Thank you ... that was one of my gaps in Unix, not learning the VI commands. I will try it and see what happens.


----------



## RendabML (Jul 27, 2020)

bsdnoob said:


> Try again and when you see the *: *sign, press *q*. I got the solution here.


Thank you, it worked.!


----------



## RendabML (Jul 27, 2020)

Hey Fellows,

Thank you. It worked! I am now on 12.1


----------



## Lamia (Jul 28, 2020)

Keep a vi cheatsheet beside your PC. Or download one.


----------



## richardtoohey2 (Jul 28, 2020)

Don't think anyone explained why this happened; it still trips me up as I switch between FreeBSD 11.x and FreeBSD 12.x systems.

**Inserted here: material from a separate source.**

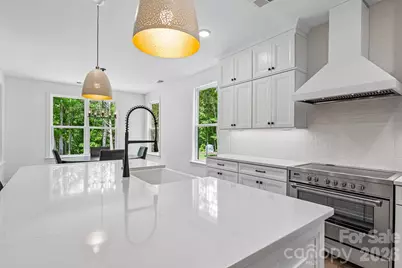 8049 Catawba Cove Drive, Belmont, NC 28012 - Photo 12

I think I'm right it saying it was down to this:









						FreeBSD 12.0-RELEASE Release Notes
					

FreeBSD is an operating system used to power modern servers, desktops, and embedded platforms.




					www.freebsd.org
				




The default PAGER now    defaults to less(1) for most commands. [r337497]





__





						[base] Revision 337497
					






					svnweb.freebsd.org
				




Probably not directly applicable to your situation if you started on 12.0.  But not just freebsd-update - there are other programs that will use the same PAGER.


----------